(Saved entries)
###

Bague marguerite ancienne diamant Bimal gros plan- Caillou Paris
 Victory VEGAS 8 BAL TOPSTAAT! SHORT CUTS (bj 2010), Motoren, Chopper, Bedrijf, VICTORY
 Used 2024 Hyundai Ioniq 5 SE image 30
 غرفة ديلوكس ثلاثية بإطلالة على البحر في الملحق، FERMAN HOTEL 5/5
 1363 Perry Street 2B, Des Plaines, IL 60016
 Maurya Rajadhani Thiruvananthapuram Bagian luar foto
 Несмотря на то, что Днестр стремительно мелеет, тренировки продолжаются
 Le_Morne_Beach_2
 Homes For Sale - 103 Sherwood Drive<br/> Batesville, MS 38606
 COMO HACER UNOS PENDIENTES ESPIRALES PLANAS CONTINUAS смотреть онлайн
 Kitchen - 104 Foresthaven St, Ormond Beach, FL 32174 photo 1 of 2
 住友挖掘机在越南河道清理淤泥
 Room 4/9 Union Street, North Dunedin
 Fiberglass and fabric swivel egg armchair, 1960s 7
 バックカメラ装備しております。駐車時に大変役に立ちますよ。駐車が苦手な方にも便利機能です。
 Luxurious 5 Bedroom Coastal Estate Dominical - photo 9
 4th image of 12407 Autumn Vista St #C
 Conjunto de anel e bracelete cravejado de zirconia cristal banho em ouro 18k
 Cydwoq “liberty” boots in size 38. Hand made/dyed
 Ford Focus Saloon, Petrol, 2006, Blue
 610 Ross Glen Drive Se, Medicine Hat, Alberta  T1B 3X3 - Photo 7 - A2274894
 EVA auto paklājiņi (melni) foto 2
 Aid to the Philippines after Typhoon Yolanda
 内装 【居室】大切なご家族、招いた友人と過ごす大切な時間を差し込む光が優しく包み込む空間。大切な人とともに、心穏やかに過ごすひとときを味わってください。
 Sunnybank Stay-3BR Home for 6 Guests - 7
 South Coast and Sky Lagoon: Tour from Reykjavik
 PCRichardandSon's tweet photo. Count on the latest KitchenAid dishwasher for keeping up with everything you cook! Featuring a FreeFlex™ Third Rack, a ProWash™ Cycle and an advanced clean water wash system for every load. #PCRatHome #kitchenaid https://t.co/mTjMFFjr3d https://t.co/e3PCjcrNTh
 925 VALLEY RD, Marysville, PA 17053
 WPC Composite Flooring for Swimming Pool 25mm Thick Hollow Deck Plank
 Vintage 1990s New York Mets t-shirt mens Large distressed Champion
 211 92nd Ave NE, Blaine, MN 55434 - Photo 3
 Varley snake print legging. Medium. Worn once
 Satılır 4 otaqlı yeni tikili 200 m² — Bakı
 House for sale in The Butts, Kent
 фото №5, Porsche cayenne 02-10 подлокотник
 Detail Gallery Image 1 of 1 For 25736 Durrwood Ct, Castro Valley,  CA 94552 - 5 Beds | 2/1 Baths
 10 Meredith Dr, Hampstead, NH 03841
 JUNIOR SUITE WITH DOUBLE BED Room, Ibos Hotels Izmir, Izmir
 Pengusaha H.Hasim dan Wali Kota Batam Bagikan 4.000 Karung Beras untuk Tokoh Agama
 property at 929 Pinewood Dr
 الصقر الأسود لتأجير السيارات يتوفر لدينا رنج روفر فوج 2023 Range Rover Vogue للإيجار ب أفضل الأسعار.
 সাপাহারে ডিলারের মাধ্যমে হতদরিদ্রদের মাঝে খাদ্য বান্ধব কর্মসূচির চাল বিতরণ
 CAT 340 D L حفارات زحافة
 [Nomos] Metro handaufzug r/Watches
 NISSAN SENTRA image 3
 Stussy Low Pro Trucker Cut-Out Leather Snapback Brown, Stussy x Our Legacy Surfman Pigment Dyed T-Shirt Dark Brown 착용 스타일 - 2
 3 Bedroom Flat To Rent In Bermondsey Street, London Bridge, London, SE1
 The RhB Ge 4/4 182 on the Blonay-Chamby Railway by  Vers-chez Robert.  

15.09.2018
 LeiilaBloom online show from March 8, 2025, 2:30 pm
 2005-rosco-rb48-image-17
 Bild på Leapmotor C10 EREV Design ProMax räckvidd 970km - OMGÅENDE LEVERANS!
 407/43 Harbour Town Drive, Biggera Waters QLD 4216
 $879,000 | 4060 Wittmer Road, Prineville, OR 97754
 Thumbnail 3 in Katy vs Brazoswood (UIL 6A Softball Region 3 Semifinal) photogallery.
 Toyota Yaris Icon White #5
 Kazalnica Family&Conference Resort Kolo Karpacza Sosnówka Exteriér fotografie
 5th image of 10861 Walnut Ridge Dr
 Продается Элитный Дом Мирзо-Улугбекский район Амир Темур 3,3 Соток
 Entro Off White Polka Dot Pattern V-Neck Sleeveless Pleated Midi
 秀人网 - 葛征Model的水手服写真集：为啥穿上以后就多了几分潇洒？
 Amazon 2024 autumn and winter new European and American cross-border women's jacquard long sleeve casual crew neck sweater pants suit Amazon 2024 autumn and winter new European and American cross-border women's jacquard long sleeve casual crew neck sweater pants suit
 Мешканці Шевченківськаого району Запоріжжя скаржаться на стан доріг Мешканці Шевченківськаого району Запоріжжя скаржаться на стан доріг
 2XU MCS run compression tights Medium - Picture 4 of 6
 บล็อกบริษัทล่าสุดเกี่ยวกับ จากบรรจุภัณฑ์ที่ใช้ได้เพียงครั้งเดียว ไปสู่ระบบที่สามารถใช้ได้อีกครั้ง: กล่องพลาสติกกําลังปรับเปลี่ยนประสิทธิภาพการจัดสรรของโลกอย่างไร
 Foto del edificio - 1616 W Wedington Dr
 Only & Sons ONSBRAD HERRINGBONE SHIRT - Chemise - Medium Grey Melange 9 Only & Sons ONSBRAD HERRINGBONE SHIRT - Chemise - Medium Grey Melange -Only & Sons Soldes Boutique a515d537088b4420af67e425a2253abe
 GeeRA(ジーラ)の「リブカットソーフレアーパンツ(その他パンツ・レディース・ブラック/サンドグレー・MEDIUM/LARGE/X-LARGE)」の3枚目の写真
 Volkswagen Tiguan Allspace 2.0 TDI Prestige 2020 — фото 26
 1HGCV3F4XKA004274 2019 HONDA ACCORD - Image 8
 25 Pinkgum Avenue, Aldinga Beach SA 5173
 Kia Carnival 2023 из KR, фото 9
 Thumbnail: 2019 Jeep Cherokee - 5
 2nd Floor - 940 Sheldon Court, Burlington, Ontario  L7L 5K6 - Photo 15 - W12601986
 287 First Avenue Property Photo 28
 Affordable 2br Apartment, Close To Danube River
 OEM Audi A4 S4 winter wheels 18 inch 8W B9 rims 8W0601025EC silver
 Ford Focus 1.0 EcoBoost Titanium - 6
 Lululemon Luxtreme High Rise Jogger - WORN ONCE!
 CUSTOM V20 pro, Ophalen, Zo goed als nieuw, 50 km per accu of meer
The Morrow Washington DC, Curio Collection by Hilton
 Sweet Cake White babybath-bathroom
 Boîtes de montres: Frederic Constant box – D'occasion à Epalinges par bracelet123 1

###

Work instruction — In the entries above, restate word for word the lines between the one holding "3 Bedroom Flat" and the one holding "Prineville, OR 97754", inclusive, and nothing besides.

Response to the task —
 3 Bedroom Flat To Rent In Bermondsey Street, London Bridge, London, SE1
 The RhB Ge 4/4 182 on the Blonay-Chamby Railway by  Vers-chez Robert.  

15.09.2018
 LeiilaBloom online show from March 8, 2025, 2:30 pm
 2005-rosco-rb48-image-17
 Bild på Leapmotor C10 EREV Design ProMax räckvidd 970km - OMGÅENDE LEVERANS!
 407/43 Harbour Town Drive, Biggera Waters QLD 4216
 $879,000 | 4060 Wittmer Road, Prineville, OR 97754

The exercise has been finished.